In un posto come Ferguson, in particolare, dove un grande porzione della popolazione già viveva in povertà la situazione è diventata insostenibile. A Ferguson ci sono circa 21.000 cittadini con un reddito medio di 36 mila dollari annui, ma una persona su quattro vive sotto a soglia di povertà, le altre tre, invece, sono quelle che si definiscono working poor, cioè gente che ha un lavoro a tempo pieno ma quel lavoro non basta ad avere una vita dignitosa. Questo va combinato con un alto tasso di repressione da parte della polizia i cui introiti dipendono molto dalle multe che fanno a una popolazione che lotta per la sopravvivenza. Guardando a tutta St. Louis County, pochi anni prima il procuratore McCulloch aveva rifiutato di accusare dei poliziotti che avevano sparato 20 volte ad una macchina dove sedevano due uomini di colore, disarmati.

Ecco questo è il tipo di storie di repressione e vessazioni a cui erano abituati i giovani neri a Ferguson. Parlando degli si spazi, a St Louis sono altamente segregati, le linee di demarcazione sono economiche e chiare. Analizzando la situazione a livello elettorale, vediamo che circa il 67 per cento degli abitanti sono afro-americani, eppure c’è poca o nessuna rappresentanza a livello elettorale. Queste sono statistiche da apartheid, un tipo di apartheid economico ed esistenziale, un inferno vissuto.

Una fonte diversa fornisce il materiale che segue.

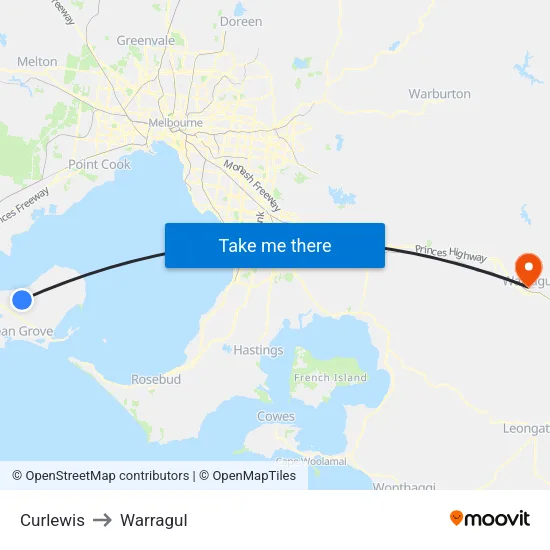 Curlewis to Warragul map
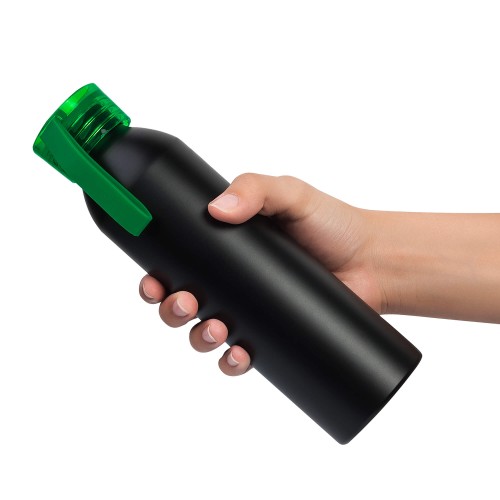 Бутылка для воды VIKING BLACK 650мл. Черная с зеленой крышкой 6142.02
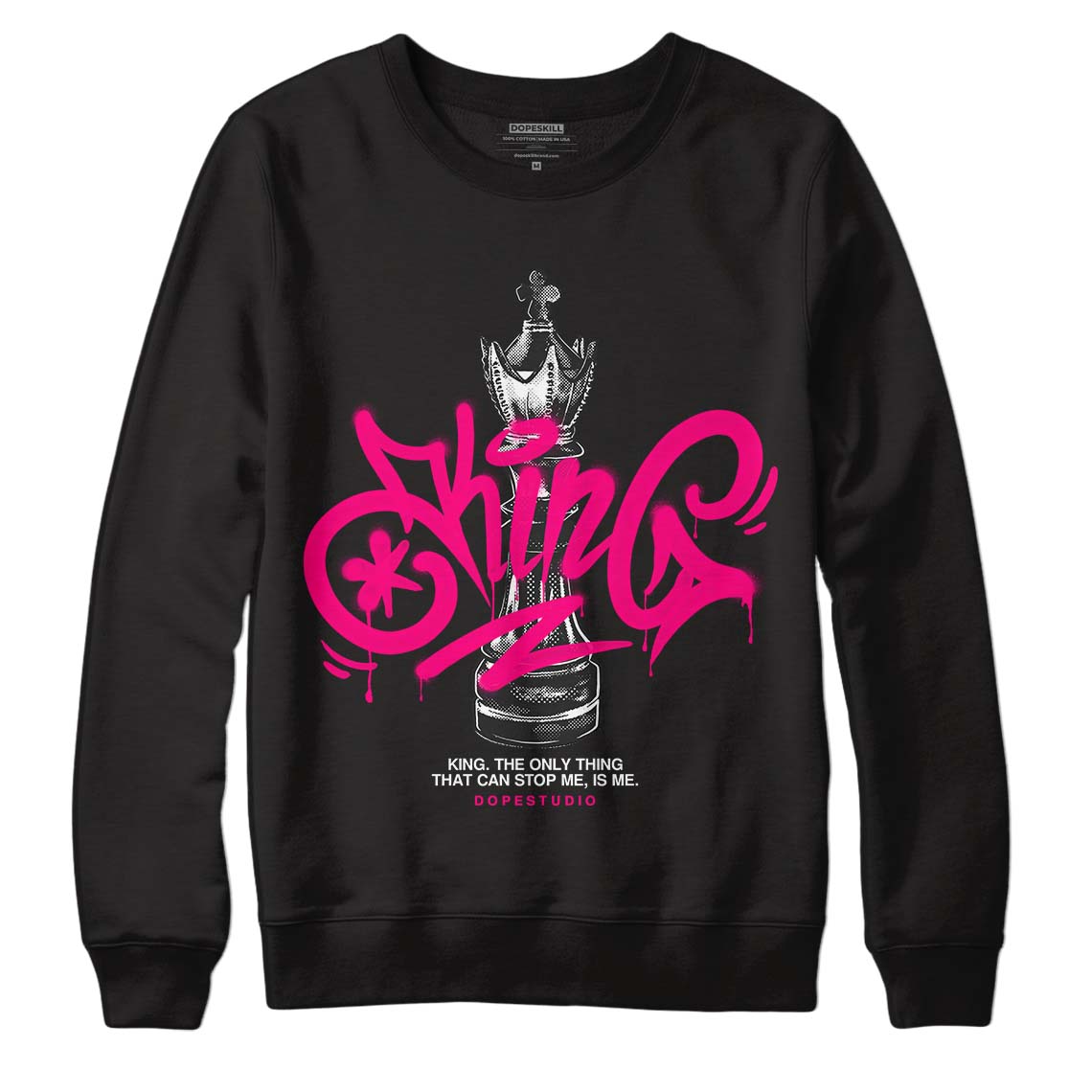 Fierce Pink 1s DopeSkill Sweatshirt King Chess Graphic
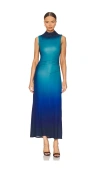Simkhai Womens Chromatic Teal Aldina Gradient-pattern Stretch-jersey Midi Dress In Chromatic Teal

Quando sono arrivato a Ferguson non mi sentivo così da quando ero in Palestina nel 2012: anche a Ferguson passavo attraverso checkpoint dove mi chiedevano documenti, camminavo ed avevo puntati contro fucili e lacrimogeni, c’erano blindati ovunque. I soldi per le scuole non c’erano ma per un esercito cittadino sì. Sarà attraverso le scuole, la cultura e la possibilità di accedervi che questa situazione cambierà, ed è per questo che bisogna lottare».

Non è una lotta solo afro americana sottolinea Sekou «La lotta comprende le madri single, i queer, è una lotta di discriminati, questo non vuol dire che non ci sia più omofobia o sessismo tra gli afro americani, ma prevale la solidarietà. E verso i bianchi si sa che esiste un privilegio bianco, ma non è l’essere bianco una colpa, la colpa e non opporsi al fatto che esserlo sia un privilegio».